Pour son camarade Rostand Kouho, l’objectif final de tous dans cette affaire, c’est le remboursement des gens qui ont été grugés. Si après tout ces déballages devant la CRIET, on ne rembourse pas les populations, ce serait dommage.
’’Aucune affaire ne donne autant de bénéfice’’
Selon Arouna Lassissi, enseignant du primaire à Abomey-Calavi, la saisie du dossier Icc-Services par la CRIET n’est pas en soi une mauvaise chose. Ce dossier est un grand scandale financier dans lequel beaucoup de Béninois ont perdu leurs ressources. Mais au lieu de penser au remboursement des spoliés, se désole-t-il, les dirigeants en ont fait un dossier politique. Examinant la période où la CRIET s’est saisie du dossier, il estime que c’est une façon d’amener les opposants du régime en place à fuir. Quand il est question de vrais problèmes qui touchent la vie des populations, poursuit-il, il faut en faire du sérieux. « La façon dont la CRIET rend ses décisions, ne présage pas d’un dénouement objectif et sûr de ce dossier », a souligné l’enseignant.
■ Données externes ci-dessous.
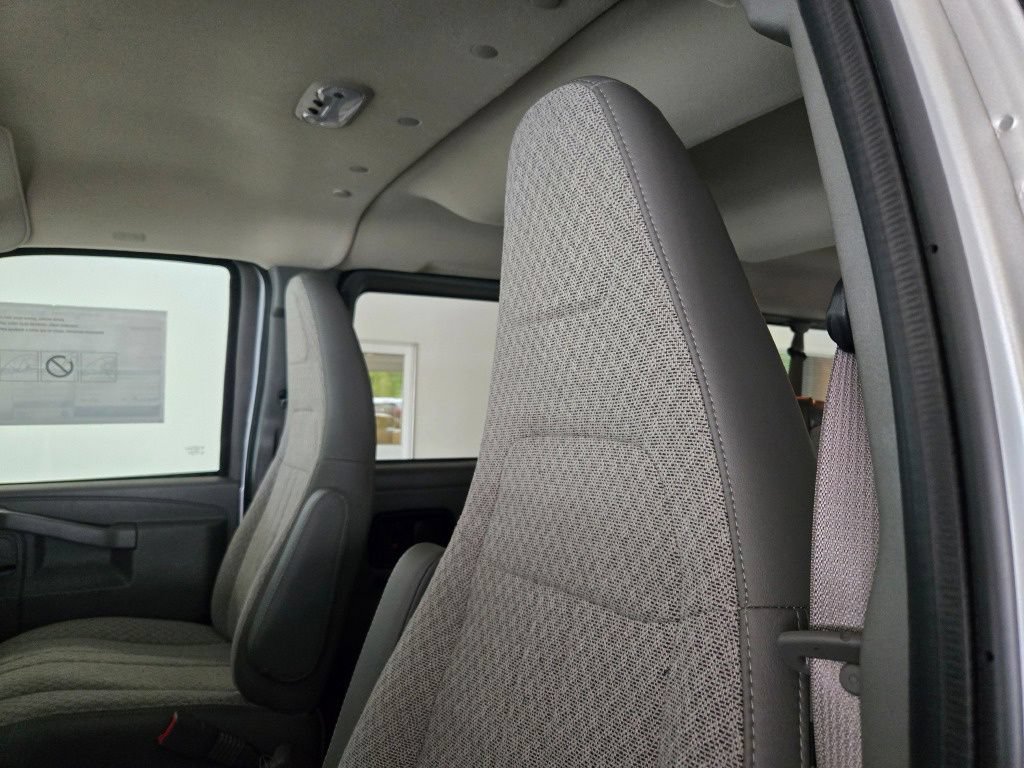 New 2026 Chevrolet Express 2500 LT w/ LT Preferred Equipment Group RWD image 18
Pour Bruno Montcho, enseignant chercheur à l’Université d’Abomey-Calavi, c’est de la distraction politique, les politiques sont entrain de nous distraire. « Objectivement, la finalité, c’est quoi, est-ce qu’on veut payer les gens ? ça va se faire comment ? De quelle manière ? », s’est-il interrogé. Pour lui, les Béninois aujourd’hui ont d’autres soucis.
Cette affaire selon lui, est un dossier que même les victimes ont déjà oublié. Si c’est pour se donner des coups politiques, ça c’est la politique et les acteurs concernés selon l’enseignant, vont s’en donner autant qu’ils le veulent.
Bruno Montcho craint cependant la banalisation de l’institution judiciaire. La perception que les citoyens ont de cette institution n’augure pas selon lui, d’un lendemain meilleur. « Même si un bon travail veut se faire, à travers ce procès de la CRIET, l’écho que cela donne dans l’opinion ne permet pas de donner une légitimité à ce qui sortira de là », a-t-il souligné.
Le sociologue spécialiste des questions de déviances a par ailleurs précisé que la responsabilité de l’Etat à certains moments devrait se limiter. « Est-ce que c’est l’Etat qui a orienté les gens là-bas ?, s’est interrogé Bruno Montcho qui rappelle que la Côte d’Ivoire aussi a connu une affaire comme ça mais que l’Etat s’était désengagé. Il reconnaît tout de même que du point de vue du rôle régalien de l’Etat, si celui-ci manque à son contrôle, il y a de la déviance, et lorsque les déviances surviennent, il faut que chaque acteur prenne la mesure de la situation. Le dossier tel que c’est entrain d’être gérer, selon lui frise une certaine théâtralisation et les hommes politiques sont entrain de nous occuper. « Les acteurs de la justice se banalisent, les institutions judiciaires sont banalisées et ça ne nous donne pas la crédibilité nécessaire d’avoir confiance en notre justice », regrette Bruno Montcho.
Selon Agathe Mahougnon, revendeuse, c’est la recherche de gain facile qui a amené les gens à déposer leurs sous aux promoteurs de Icc-Services qui les ont bien escroqués. « Pour tout commerce, on doit viser son bénéfice », a souligné la revendeuse. Mais lorsque cela atteint une certaine proportion, il faut déjà commencer à se poser de questions, a-t-elle indiqué.
Le pays dans lequel nous sommes rappelle la revendeuse, est un pays de droit. « Les avocats se sont déjà saisis du dossier, si on les rembourse, ils vont remercier le Seigneur, dans le cas contraire, ils vont garder une fois pour toujours la leçon qu’aucun commerce ne donne autant de bénéfice », a précisé Agathe Mahougnon.